The apotheosis of the Apotheosis of Washington rises above the US Capitol itself. In the oculus of the great dome itself is Constantino Burmidi's painting of 1865, depicting Washington ruling from the heavens, flanked by angelic hosts and presiding over the symbolic depictions of Roman deities. On either of Washington's hands are Victoria and Liberty, and around the base of the painting are Columbia representing war and freedom (a notable statement on the association between these two things in the American psyche), Minerva representing science, Neptune representing maritime supremacy,  Mercury representing commerce, Vulcan representing mechanics and industry, and Ceres representing agriculture.

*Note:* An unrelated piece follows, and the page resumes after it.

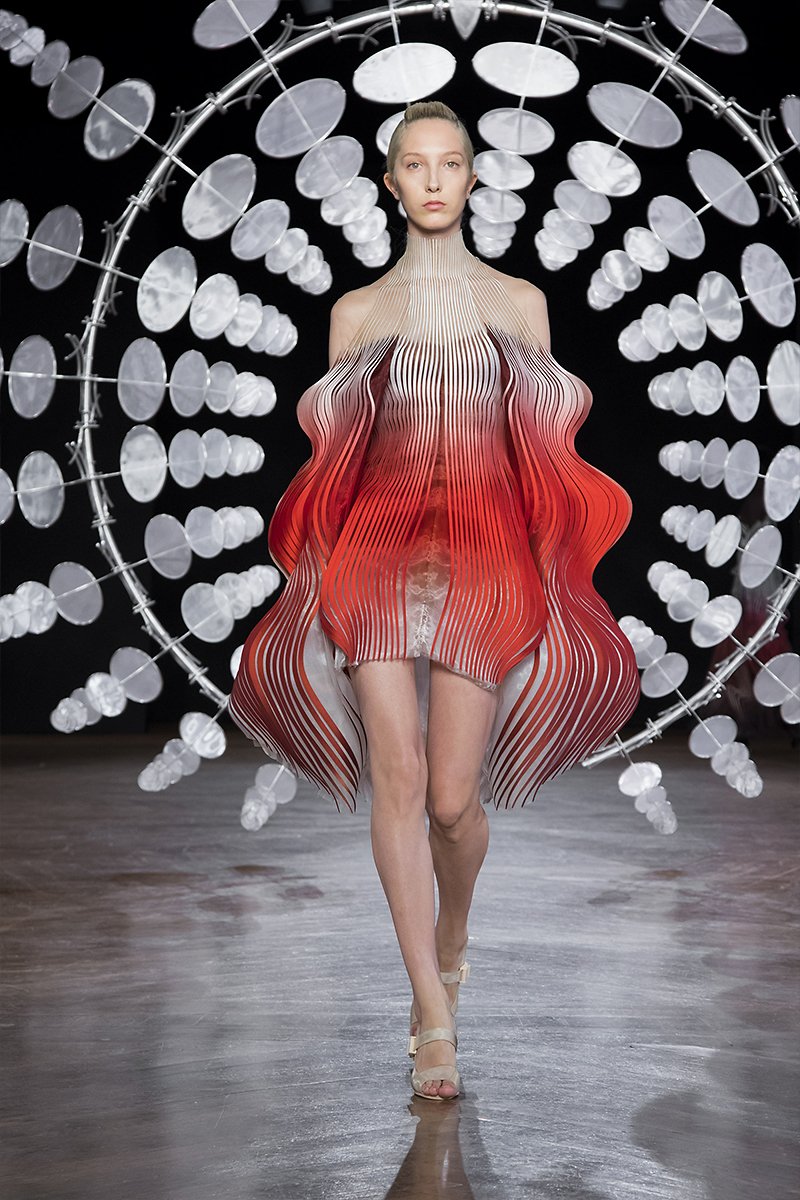 detalle del vestido de ondas impreso en 3d de iris van herpen sobre pasarela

 The Apotheosis of Washington, Constantino Burmidi, 1865.

Detail of The Apotheosis of Washington, Constantino Burmidi, 1865.

"Columbia," detail of The Apotheosis of Washington, Constantino Burmidi, 1865.

Apotheosis paintings and quotes that supplant Christ with the United States are on the extreme end of American Exceptionalism. Nevertheless, the idea was ingrained into the nation from its very beginning and finds both its subtle and not-so-subtle ways of emerging. At Disneyland USA, the visitor can take in an attraction called Great Moments with Mr. Lincoln. The pre-show video has Walt Disney himself advising guests that these words "spoken by [Lincoln] a century ago... still apply to free men everywhere." Inside, we are treated to an animatronic recital of the Gettysburg Address. It is telling that a speech about an internal American political-economic conflict is considered by Americans to be significant for anyone who is not an American.

Columbia's religion of American Exceptionalism is not something invented by the game's design team, nor simply a ramped-up version of Tea Party Republican rhetoric. It is wholly consistent with a dominant, bi-partisan, philosophy embedded in the zeitgeist of the United States.